In some cases, there’s also this argument about whether the road is a federal road or a state road and all of that. These are some of the arguments you also see in some states on why they don’t delve into the road infrastructure you talked about…
That’s why I’m saying. If you can use the revenue allocation formula to push more resources back to the units, they won’t have anybody to blame.
I don’t want to mention names; President Johnathan presided over this country for over five years. Did he complete the East-West road? Our problem is that we have not started blaming ourselves. Why do you think there is nepotism? It is because the centre is heavy.
If you elect me tomorrow, for instance, the people will line up and say, we have to be in charge of finance, we have to be in charge of this one or that one.
But if you reduce the centre, it won’t be so any longer because the military, the police, civil defence and others will consume the 40 per cent there. The centre has no business again to do all these.
The units will do that. They are with the people. If the people decide that they should lavish their funds, there will not be crisis in the country at the centre. There won’t be instability. It will be localised.
Let me also bring in something here that has plagued the allocation of revenue over the years in Nigeria. There are states that have laws against the consumption of alcohol and alcoholic beverages. Yet these alcoholic beverages generate a very huge chunk of the Value Added Tax (VAT). What is your take on that?
How many states are taxing for alcohol? They are very few. I told one of my friends who went for a function with me and he saw me groping there.
He said Osita, what’s this about? I said, if you are born somewhere else, you might be an alcoholic. If I was born in Funtua, I would be a Muslim because you did not join the religion because of your choice; it’s where your parents took you the next morning. So, let’s leave that. That’s not our problem.

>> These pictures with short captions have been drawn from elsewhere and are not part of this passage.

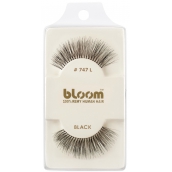 Bloom Natural nalepovací řasy z přírodních vlasů obloučkové černé č. 747L 1 pár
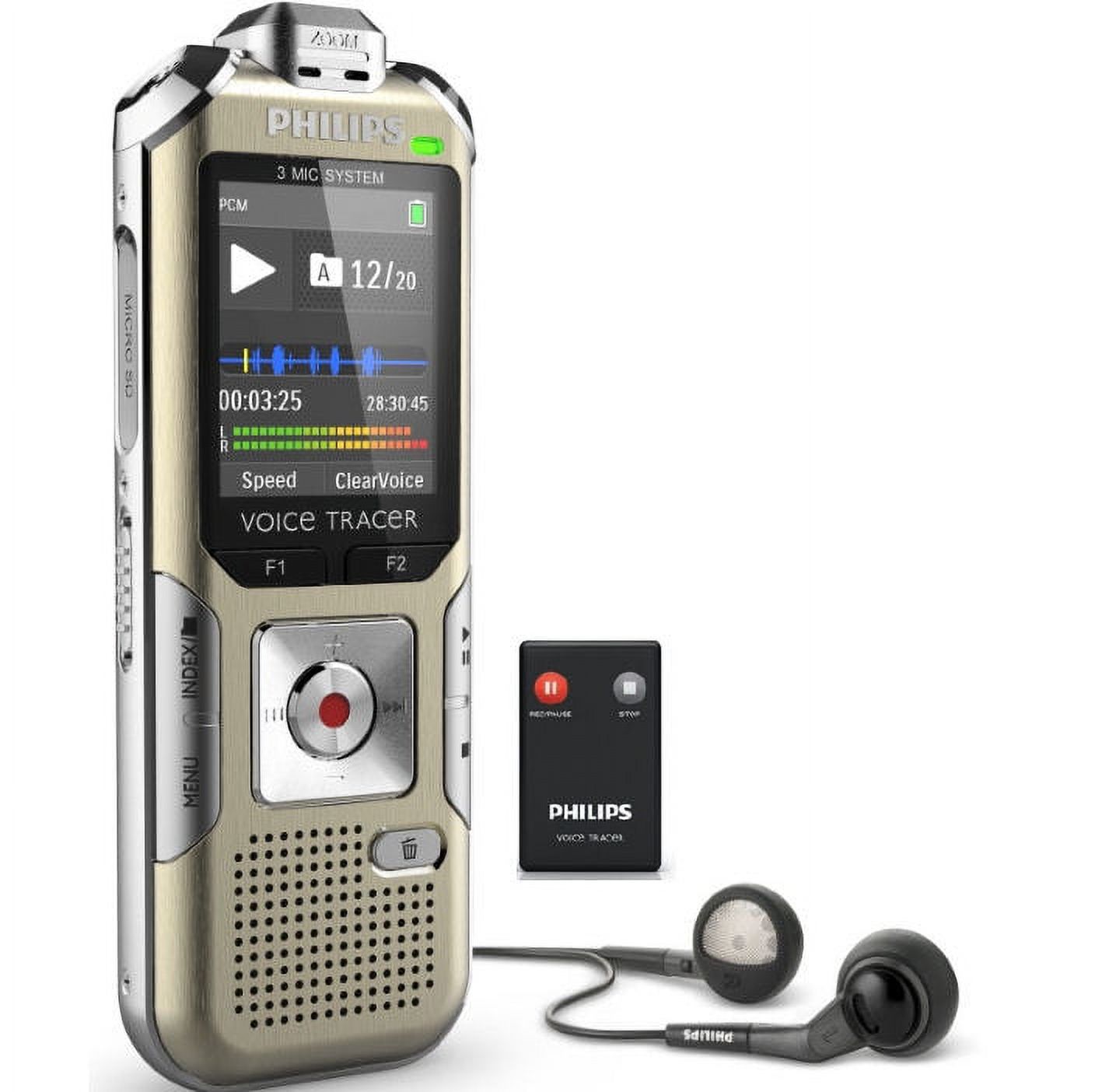 Philips DVT6500 Digital Voice Tracer - image 5 of 5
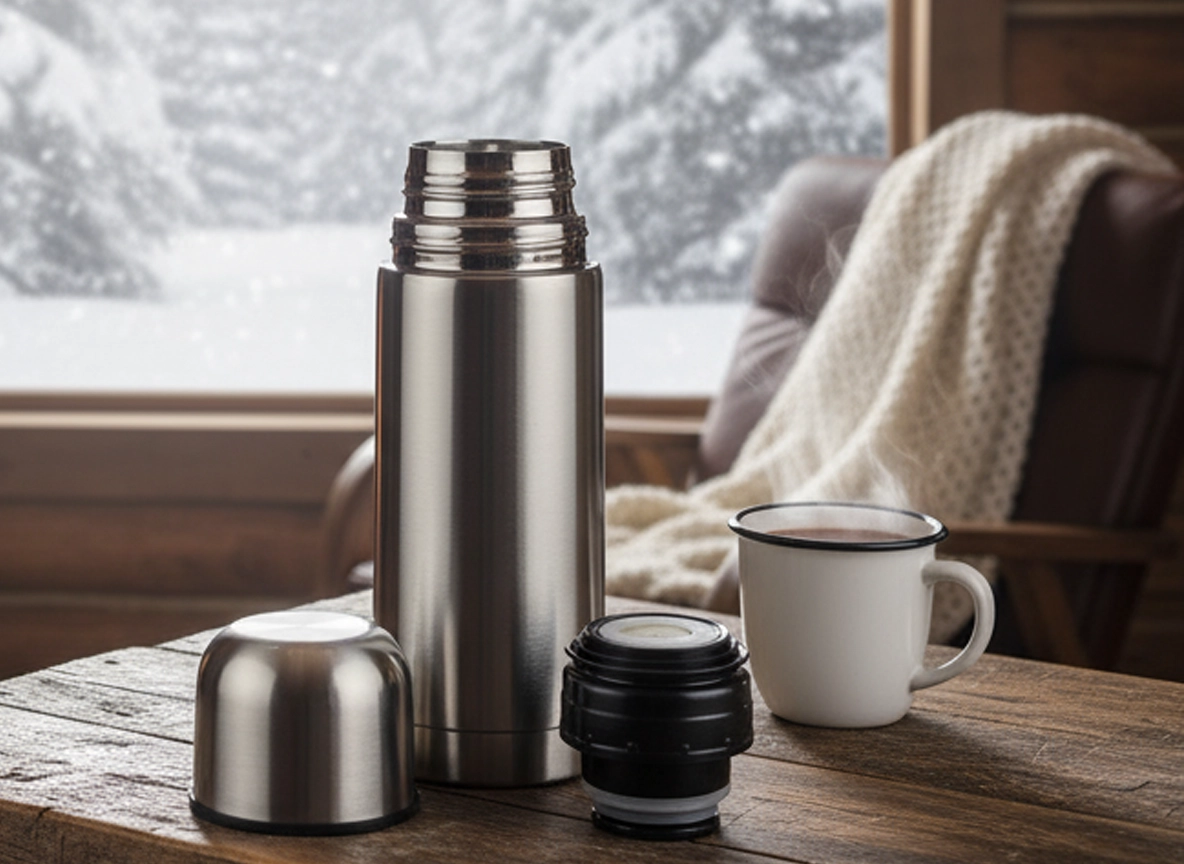 Nerezová termoska 1000 ml s vrchnákom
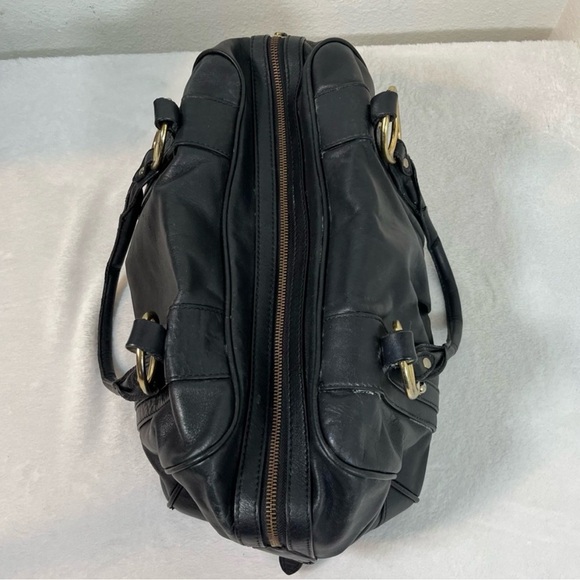 Authentic Gucci Black Leather GG Ring Shoulder Bag Vintage Y2K **AS IS** - Picture 7 of 16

But it is already jumping into national issues…
It doesn’t need to. Bring down the resources to the units. Don’t hang on it because you want to dispense, and tomorrow, you take more than a billion ecological fund this day go and do health contract. Reduce it. If you reduce it, the atmosphere will calm down. That’s my position.
There are people who argue that the local councils should even get more because they are the government that is closer to the people and the fact that they are not even getting the one allocated to them at this time is part of why we are having this degeneration of roads within communities. Wouldn’t this also be in variance with what people have been saying over the years?
What I’m saying is that we are in the 10th session of the national and state assemblies, and each session, if you remember, embarked on a constitutional amendment and in each of those sessions, this issue of local government autonomy had been on the table. President Tinubu was a witness to it and he came to power and had an intuition like ‘let’s go through the legal process’.
So, he called his Attorney General and they presented the matter to the Supreme Court, with all the Attorneys General of the 36 states on one side versus the Attorney General of the Federation and as God will have it, on July 11, 2024 the Supreme Court’s landmark judgement was delivered and we jubilated.
As I said, I don’t know what happened behind the closed doors, whether it has been implemented. If what I have learnt over the years since I don’t have foresight I live in hindsight and it is such and such that you look at possibilities and impossibilities. It has become impossible to retrieve local councils from emperor governors. When something becomes impossible for me, I look for the possibilities.